Minister of state promotes foreign trade in Surrey
Diane Ablonczy, federal Minister of State of Foreign Affairs (for the Americas and Consular Affairs) – currently in B.C. as part of a tour of Western Canada – will visit Surrey Wednesday.
Her itinerary will include a stop at the Peace Arch border crossing, a meeting with Mayor Dianne Watts and city staff, and a round-table meeting hosted by the Surrey Board of Trade.
It's a multiple-purpose visit, the Calgary-Nose Hill MP explained in a phone interview Friday.
in addition to a dialogue with Surrey business people currently doing – or seeking to enter – trade with Latin America (Brazil, Argentina, Chile, Costa Rica, Ecuador, Mexico, Peru and Venezuela), Ablonczy is seeking to promote the consular side of her portfolio, including a newly updated website, www.travel.gc.ca, which offers assistance to Canadians planning to visit or work in other countries.
"The opportunities are enormous for trade with the Americas," Ablonczy said, noting Canada has seven existing trade agreements with the region, plus nine foreign investment participation agreements in the process of being worked out.
"We see in that part of the world a growing middle class, and countries like Brazil are putting in some enormous infrastructure developments as they know it's in their interest to open up their markets," Ablonczy said.
"One can't overstate the resource richness of the Americas – in Bolivia, for example a significant percentage of the resources haven't been mapped."
At the same time, Ablonczy said, the federal government is mindful that cultural differences can pose obstacles, and business relationships don't happen overnight.
Canadian investors demand security and stability in the countries they deal with, she said, as well as assurances that human rights and democratic institutions are being respected and that "justice, legal and security systems are in place."
Canada does a great deal of advocacy in this regard with potential trading partners, she added, as well as investing in international security programs.
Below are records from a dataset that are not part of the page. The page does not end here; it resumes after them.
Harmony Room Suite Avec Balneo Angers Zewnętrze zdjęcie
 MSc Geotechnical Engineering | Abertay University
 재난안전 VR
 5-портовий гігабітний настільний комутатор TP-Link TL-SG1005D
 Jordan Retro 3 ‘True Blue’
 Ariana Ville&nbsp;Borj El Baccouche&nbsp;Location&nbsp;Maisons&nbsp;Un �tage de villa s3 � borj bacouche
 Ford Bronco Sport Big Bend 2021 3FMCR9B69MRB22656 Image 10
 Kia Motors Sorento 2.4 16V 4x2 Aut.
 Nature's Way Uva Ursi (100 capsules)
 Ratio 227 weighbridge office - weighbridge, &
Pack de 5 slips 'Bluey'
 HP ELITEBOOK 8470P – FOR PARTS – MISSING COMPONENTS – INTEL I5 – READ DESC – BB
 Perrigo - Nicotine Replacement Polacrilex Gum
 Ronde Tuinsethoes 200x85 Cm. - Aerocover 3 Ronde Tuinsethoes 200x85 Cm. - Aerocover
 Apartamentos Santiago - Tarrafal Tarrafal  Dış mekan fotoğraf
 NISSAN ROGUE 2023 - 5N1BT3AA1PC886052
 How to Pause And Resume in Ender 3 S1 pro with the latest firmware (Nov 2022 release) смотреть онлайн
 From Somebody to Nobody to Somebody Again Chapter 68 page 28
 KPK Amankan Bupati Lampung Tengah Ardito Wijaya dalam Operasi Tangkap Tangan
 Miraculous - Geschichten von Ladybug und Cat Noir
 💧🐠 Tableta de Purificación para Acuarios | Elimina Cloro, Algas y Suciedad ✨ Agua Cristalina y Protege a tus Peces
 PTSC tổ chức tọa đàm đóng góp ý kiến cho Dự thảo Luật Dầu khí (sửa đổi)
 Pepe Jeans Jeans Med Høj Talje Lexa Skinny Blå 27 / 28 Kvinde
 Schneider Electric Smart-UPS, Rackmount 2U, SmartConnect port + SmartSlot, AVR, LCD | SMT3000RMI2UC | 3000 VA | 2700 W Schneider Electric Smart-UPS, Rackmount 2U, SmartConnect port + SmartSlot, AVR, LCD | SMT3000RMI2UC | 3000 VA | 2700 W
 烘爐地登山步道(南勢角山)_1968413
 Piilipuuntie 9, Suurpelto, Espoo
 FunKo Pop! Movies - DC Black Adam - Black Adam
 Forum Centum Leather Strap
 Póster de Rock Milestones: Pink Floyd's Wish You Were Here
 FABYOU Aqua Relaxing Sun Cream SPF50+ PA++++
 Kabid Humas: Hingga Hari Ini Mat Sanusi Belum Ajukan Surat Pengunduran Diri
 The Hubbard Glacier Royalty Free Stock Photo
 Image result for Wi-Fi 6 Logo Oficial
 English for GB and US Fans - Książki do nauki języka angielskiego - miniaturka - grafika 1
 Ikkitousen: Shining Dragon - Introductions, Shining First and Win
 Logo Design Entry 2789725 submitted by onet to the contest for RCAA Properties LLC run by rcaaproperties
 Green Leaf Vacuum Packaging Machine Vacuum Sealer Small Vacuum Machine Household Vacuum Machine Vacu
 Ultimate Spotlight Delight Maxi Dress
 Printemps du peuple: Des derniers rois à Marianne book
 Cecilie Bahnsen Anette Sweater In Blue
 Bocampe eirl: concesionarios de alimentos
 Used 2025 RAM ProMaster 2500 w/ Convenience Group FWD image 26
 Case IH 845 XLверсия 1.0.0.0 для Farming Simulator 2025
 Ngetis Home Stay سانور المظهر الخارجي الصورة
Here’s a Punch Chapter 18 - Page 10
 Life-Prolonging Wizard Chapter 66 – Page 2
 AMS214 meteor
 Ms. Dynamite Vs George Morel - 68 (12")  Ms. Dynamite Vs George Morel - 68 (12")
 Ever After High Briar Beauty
Gathering feedback from business people who currently or potentially trade with the Americas is an important part of the process, Ablonczy said, and that's part of her mandate in field trips such as the one to Surrey.
"There's generally a real excitement and a great deal of interest," she said.
"There's a demand for more flights (to these countries) and a demand for more contacts, but business is also applauding our efforts in encouraging other countries in protecting the environment and protecting human rights. You can't have a good place to have business investment unless the environment is respected and human rights are respected."
Ablonczy said her department's updated website for travellers recognizes that travel abroad has become a significant part of the experience of Canadians.
"Last year, there were 56 million trips out of Canada – and that's with a country of some 33 million people," she said.
The revamped website aims to centralize information that will help Canadian citizens and permanent residents – whether business people, holiday makers or students on field trips or exchanges – to travel to other countries without problems and with a minimum of red tape.
"It's a one-stop shop for information," she said. "We want people to travel, and have a safe and happy experience."
The round table meeting at the Surrey Board of Trade offices (101 - 14439 104 Ave.) will take place 10-11 a.m. and is open to the public (participants should arrive by 9:50 a.m.).